In one of the most famous studies of health insurance, conducted during the 1970s, thousands of participants were divided into five groups, with each receiving a different amount of insurance coverage. The study, run by the RAND Corp., tracked the medical care each group sought, and not surprisingly found that people with more comprehensive coverage tended to make use of it, visiting the doctor and checking into the hospital more often than people with less generous insurance.
The study also tracked health outcomes. And there the results were surprising: With a few modest exceptions, the level of insurance had no significant effect on actual wellness.
Needless to say, experts have been arguing about the RAND results ever since. But the basic finding -- that more expensive health insurance doesn't necessarily lead to better health -- just got a major boost. The state of Oregon expanded its Medicaid program via lottery a few years ago, and researchers released the latest data on how health outcomes for the new Medicaid users differed from those for the uninsured.
The answer: not much.
Being on Medicaid helped people avoid huge medical bills, and it reduced depression rates, but better care seemed to have little or no impact on common medical conditions such as hypertension and diabetes.
As liberals have been quick to point out, these findings do not necessarily make a case against the new health care law, which includes a big Medicaid expansion and subsidies for private insurance. After all, the first purpose of insurance is economic protection, and the Oregon data shows that expanding coverage does protect people from ruinous medical expenses. The links between insurance, medicine and health might be impressively mysterious, but staving off medical bankruptcies among low-income Americans is not a small policy achievement. This is true.
But it's also true that the health care law was sold with the promise that it would save tens of thousands of American lives. This was not supposed to be just a big redistribution program; it was supposed to be a matter of life and death.
If it turns out that health insurance is useful mostly because it averts financial catastrophe -- which seems to be the consensus liberal position since the Oregon data came out -- then the new health care law looks vulnerable to two interconnected critiques.
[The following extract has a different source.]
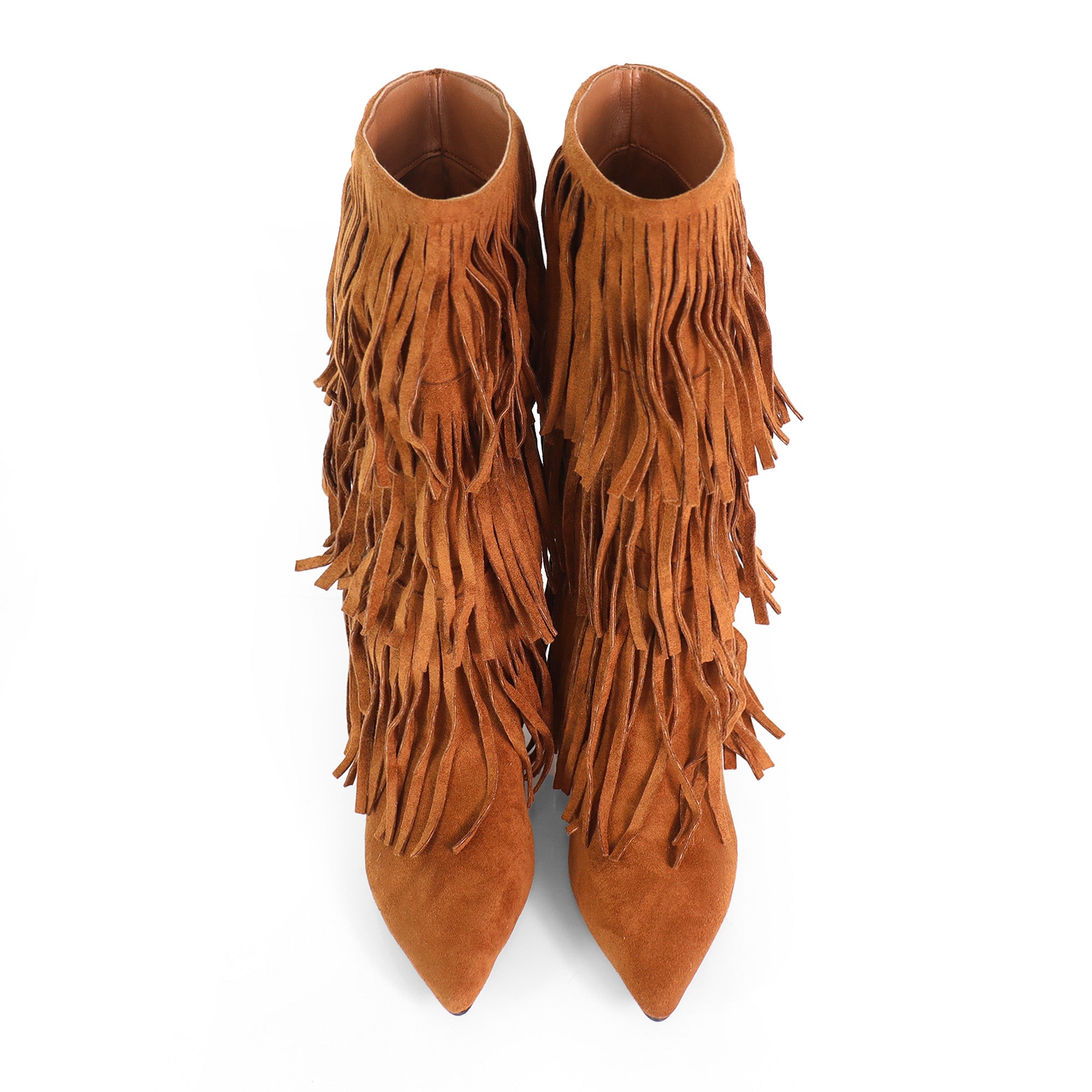 SHANNON-3 LAYER FRINGE BOOTS W/ HEEL TAN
First, if the benefit of health insurance is mostly financial, then shouldn't health insurance policies work more like fire, flood and car insurance, which exist to protect people against actual disasters -- not to pay for ordinary repairs. If the best evidence suggests that health insurance is most helpful in protecting people's pocketbooks, and that more comprehensive coverage often just pays for doctor visits that don't improve actual health, then shouldn't we be promoting better catastrophic health coverage? Liberals don't like catastrophic plans because they're stingier than what most Americans have now.
This is where the second critique comes in: If the marginal dollar of health care coverage doesn't deliver better health, shouldn't policy-makers be stingier while looking for better ways to improve the prospects of the poor?
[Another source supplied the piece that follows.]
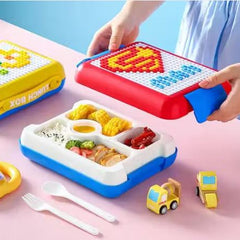 Own Patterns Lunch Box Lego Building Blocks Lunch Box for Kids (Red) 4 Compartment & leak proof 1100ML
Some kind of expanded health security is clearly a good thing -- but if we want to promote economic mobility as well, does it really make sense to pour a trillion dollars into a health care system that everyone agrees is dysfunctional, when some of that money could be returned to their paychecks instead?
The goal would be to help people rise by giving them more money and more options, rather than expanding '60s-vintage programs that pay medical bills and only medical bills.
It's to the Republican Party's discredit that these goals don't have enough conservative champions. It's to liberals' discredit that they remain wedded to the dream of a health care bureaucracy that pays and pays and pays, when in all likelihood we could be spending much less with similar results.